L'instrument que constitue le contrôle de constitutionnalité conduit ainsi à lever les obstacles à la diffusion du droit communautaire dans l'ordre juridique national, tout en maintenant la possibilité de fermer les vannes lorsque les impératifs constitutionnels nationaux l'exigent. Entre la loi et la Constitution, le droit communautaire dérivé représente un écran « partiellement transparent »(7). De ce point de vue ce ne sont pas seulement les rapports entre le droit dérivé de l'Union et le droit constitutionnel qui sont ainsi régulés, mais plus largement les rapports entre l'ordre juridique européen et l'ordre juridique national. C'est alors essentiellement aux juges nationaux et européens qu'il appartiendra, dans le cadre de l'exercice de leurs compétences respectives, de déterminer, au cas par cas, ce qui relève de la tradition commune et donc de l'orbite européenne et ce qui relève des traditions propres et donc de l'orbite nationale. Gageons que les juges européens sauront respecter les quelques limites posées par des juges constitutionnels nationaux raisonnables et ouverts, de manière générale, aux évolutions induites par les jurisprudences des Cours de Luxembourg et de Strasbourg. D'une certaine manière, l'exception constitutionnelle est à la construction européenne ce qu'est l'exception culturelle à la mondialisation.
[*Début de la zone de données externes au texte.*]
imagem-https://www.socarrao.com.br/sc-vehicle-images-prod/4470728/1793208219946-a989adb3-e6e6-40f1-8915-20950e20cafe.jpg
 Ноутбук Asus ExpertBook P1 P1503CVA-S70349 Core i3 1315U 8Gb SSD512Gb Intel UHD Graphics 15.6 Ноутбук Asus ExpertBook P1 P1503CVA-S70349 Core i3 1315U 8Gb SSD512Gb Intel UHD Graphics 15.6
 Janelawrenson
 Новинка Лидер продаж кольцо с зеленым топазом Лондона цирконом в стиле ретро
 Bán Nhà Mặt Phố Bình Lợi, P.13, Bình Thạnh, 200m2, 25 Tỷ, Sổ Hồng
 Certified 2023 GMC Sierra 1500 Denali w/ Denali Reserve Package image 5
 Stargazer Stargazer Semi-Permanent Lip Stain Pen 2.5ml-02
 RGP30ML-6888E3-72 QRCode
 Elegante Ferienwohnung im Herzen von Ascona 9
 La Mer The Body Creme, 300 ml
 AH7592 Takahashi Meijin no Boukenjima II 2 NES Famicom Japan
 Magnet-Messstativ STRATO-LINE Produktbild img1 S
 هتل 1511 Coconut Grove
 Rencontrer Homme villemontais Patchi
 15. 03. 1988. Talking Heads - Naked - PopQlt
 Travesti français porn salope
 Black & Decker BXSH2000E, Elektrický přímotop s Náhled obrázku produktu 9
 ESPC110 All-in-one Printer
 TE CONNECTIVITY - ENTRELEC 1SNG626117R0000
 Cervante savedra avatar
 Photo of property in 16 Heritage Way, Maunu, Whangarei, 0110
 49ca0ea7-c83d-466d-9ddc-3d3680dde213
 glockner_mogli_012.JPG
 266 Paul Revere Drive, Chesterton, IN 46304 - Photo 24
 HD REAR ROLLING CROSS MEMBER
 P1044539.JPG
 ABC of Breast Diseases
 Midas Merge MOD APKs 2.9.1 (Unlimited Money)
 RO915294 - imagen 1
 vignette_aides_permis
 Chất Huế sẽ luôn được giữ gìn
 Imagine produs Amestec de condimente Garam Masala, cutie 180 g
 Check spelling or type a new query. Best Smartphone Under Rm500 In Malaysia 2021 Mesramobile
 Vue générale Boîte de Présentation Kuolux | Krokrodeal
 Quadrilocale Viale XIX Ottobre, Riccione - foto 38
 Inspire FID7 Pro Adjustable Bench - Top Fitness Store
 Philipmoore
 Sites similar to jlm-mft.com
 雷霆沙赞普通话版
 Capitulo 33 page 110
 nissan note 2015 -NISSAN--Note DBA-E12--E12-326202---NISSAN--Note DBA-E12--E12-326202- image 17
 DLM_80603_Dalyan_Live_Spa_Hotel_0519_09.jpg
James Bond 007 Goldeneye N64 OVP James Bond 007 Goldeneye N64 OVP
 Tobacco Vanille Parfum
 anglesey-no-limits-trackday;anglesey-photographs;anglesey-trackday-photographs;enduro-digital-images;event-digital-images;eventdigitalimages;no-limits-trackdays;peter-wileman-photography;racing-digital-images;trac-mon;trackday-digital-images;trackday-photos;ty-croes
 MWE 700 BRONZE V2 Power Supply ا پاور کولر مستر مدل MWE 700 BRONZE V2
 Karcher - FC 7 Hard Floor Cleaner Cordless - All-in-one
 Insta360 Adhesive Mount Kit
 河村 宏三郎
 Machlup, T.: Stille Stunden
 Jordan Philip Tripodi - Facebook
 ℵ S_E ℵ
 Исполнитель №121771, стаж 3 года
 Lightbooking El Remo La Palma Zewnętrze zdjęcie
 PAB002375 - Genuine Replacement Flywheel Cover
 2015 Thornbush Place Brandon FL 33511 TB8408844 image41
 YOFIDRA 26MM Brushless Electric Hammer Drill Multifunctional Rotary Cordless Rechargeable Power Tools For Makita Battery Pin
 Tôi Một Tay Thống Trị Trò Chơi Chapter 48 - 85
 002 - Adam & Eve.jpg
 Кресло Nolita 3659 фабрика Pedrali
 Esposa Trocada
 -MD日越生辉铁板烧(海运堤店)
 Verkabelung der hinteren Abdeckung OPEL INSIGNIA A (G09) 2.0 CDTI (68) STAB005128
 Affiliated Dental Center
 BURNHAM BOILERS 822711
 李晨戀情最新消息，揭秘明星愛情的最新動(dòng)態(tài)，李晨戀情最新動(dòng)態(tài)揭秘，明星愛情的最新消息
(1) Sur cette question, cf. B. Mathieu, « L'appréhension de l'ordre juridique communautaire par le droit constitutionnel français », Mélanges Gautron, Les dynamismes du droit européen, Paris, Pédone, 2004, p. 169.
(2) Pour l'analyse de cette décision, cf. J.-E. Schoettl, Les petites affiches 2004, n° 122, p. 10 ; et les études de J.-P. Camby, A. Levade et J. Roux, à la RD publ., 2004, p. 879 et .
(3) Pour l'analyse de cette décision, cf. J.-E. Schoettl, Les petites affiches 2004, n° 238, p. 3.
(4) Cons. const., n° 2004-498 DC.
(5) Arrêt Leyla Sahin c/ Turquie du 29 juin 2004, cf. communiqué du greffier de la Cour européenne des droits de l'homme du 22 nov. 2004.
(6) www.conseil-constitutionnel.fr/bilan/annexes/voeuxpr2005.html
(7) L'auteur de ces lignes avait utilisé l'expression « directive écran », en référence à la théorie de la « loi écran » utilisée, notamment, par le juge administratif français (Recueil Dalloz, 2004, p. 1739). Le professeur Anne Levade récuse cette métaphore en admettant cependant que l'écran soit « partiellement transparent » (art. RD publ., préc., p. 910) ce à quoi il adhère.